PROC DTREE procedure is useless for building a predictive model.
You need to specify all the stages of the tree level by level, e.g top level is the decision (y/n), the next stage(level) is the price, the third stage is the quality, etc.
Also you need to pre-calculate the probability of every event (on each level). e.g. 90% the price is high, 10% the price is low.
Finally you still need to list all possible combinations of the events and give a reward/score for the combination.
Then DTREE calculates the aggregated reward(score) for each branch of the tree based on the probability and score you gave earlier and draw the tree.
So DTREE doesn't construct the tree for you, but just give you the aggregated score for each branch to assist your decision. You still need to construct the tree yourself.
An example:
Assume you want to decide go fishing or not depending on the weather and market price of fish.
In your area there is a 10% chance that it rains and 90% sunny. When it rains the amount you catch is 100 otherwise 1000.
The market is good 70% of the time and bad 30% of the time. When it's good the unit price is $10 otherwise $5.

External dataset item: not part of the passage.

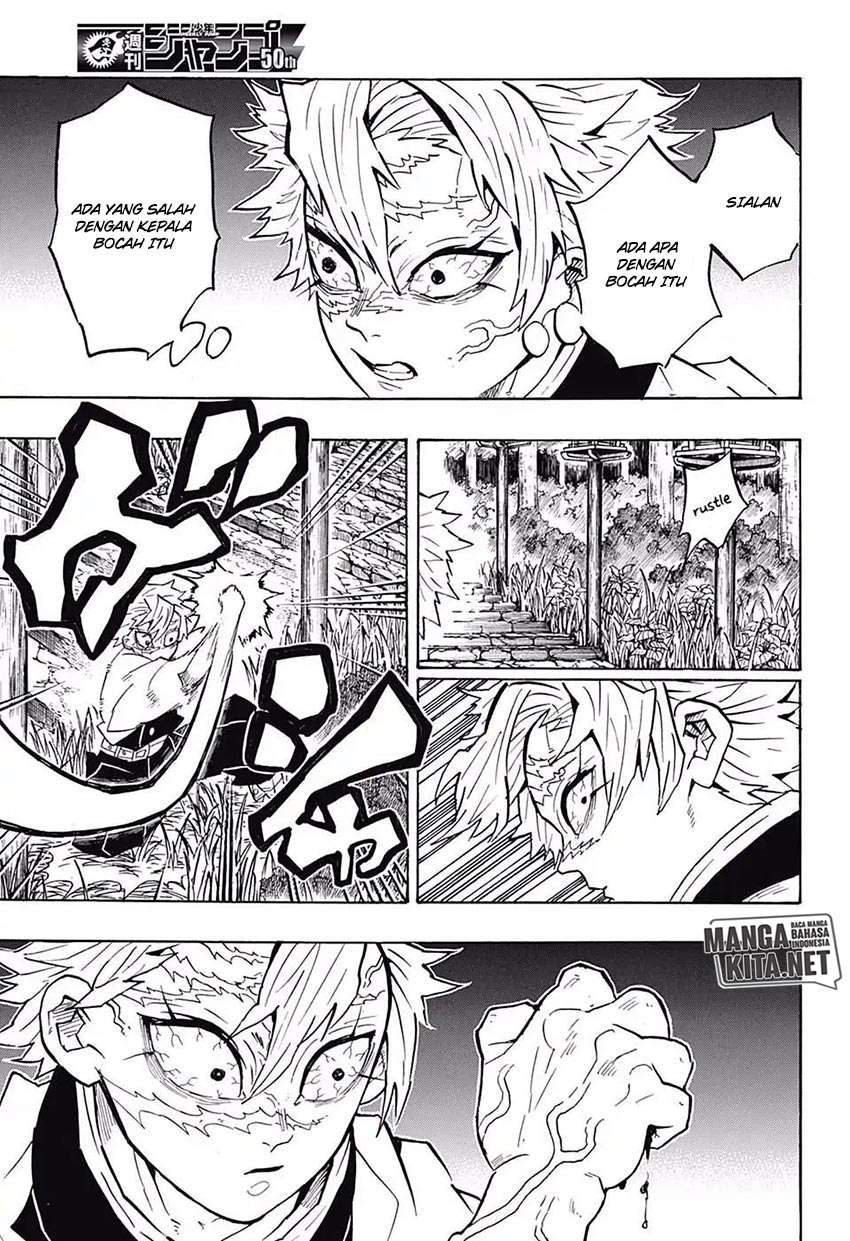 Kimetsu no Yaiba Chapter 136 - halaman 18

Firstly, creates the stages(levels of the tree). The D means a decision stage. The C means a change stage. The tree grows from FISHING -> WEATHER -> MARKET.
data stages;
format _STNAME_ $12. _STTYPE_ $2. _OUTCOM_ $12. _SUCCES_ $12. ;
input _STNAME_ $ _STTYPE_ $ _OUTCOM_ $ _SUCCES_ $ ;
datalines;
FISHING D YES WEATHER
FISHING D NO WEATHER
WEATHER C RAIN MARKET
WEATHER C SUN MARKET
MARKET C GOOD .
MARKET C BAD .
;
Specify the probability of each event. Assuming the stage variables are independent of each other.
data events;
input _EVENT1 $12. _PROB1
_EVENT2 $12. _PROB2;
datalines;
RAIN 0.1 SUN 0.9
GOOD 0.7 BAD 0.3
;
Finally list all of the possible combinations and the score for each of them.
data combinations;
format _STATE1-_STATE3 $12. _VALUE_ dollar12.0;
input _STATE1 $ _STATE2 $ _STATE3 $ ;
/* calculate the net return/score for this scenario */
if _STATE1 ='RAIN' then Amount=100;
else if _STATE1 ='SUN' then Amount=1000;
if _STATE2 ='GOOD' then UnitPrice=10;
else if _STATE2 ='BAD' then UnitPrice=5;
if _STATE3 = 'YES' then _VALUE_ = Amount * UnitPrice;
else _VALUE_ = 0;
datalines;
RAIN GOOD YES
RAIN GOOD NO
RAIN BAD YES
RAIN BAD NO
SUN GOOD YES
SUN GOOD NO
SUN BAD YES
SUN BAD NO
;
run;
The DTREE procedure aggregates score and draw the tree. The EV is the estimated value (score/reward).
proc dtree stagein=stages
probin=events
payoffs=combinations
nowarning;
evaluate / summary;
OPTIONS LINESIZE=100;
treeplot/ lineprinter;
run;
RAIN GOOD --------------------C---------------------E | p=0.1 EV= $850 | p=0.7 EV= $1,000 YES | |BAD -===================C-| --------------------E | EV= $7,735 | p=0.3 EV= $500 | |SUN GOOD | --------------------C---------------------E | p=0.9 EV= $8,500 | p=0.7 EV= $10,000 | |BAD -------------------D-| --------------------E EV= $7,735 | p=0.3 EV= $5,000 | RAIN GOOD | --------------------C---------------------E | | p=0.1 EV= $0 | p=0.7 EV= $0 | NO | |BAD --------------------C-| --------------------E EV= $0 | p=0.3 EV= $0 |SUN GOOD --------------------C---------------------E p=0.9 EV= $0 | p=0.7 EV= $0 |BAD --------------------E p=0.3 EV= $0
Very useless from a machine learning perspective.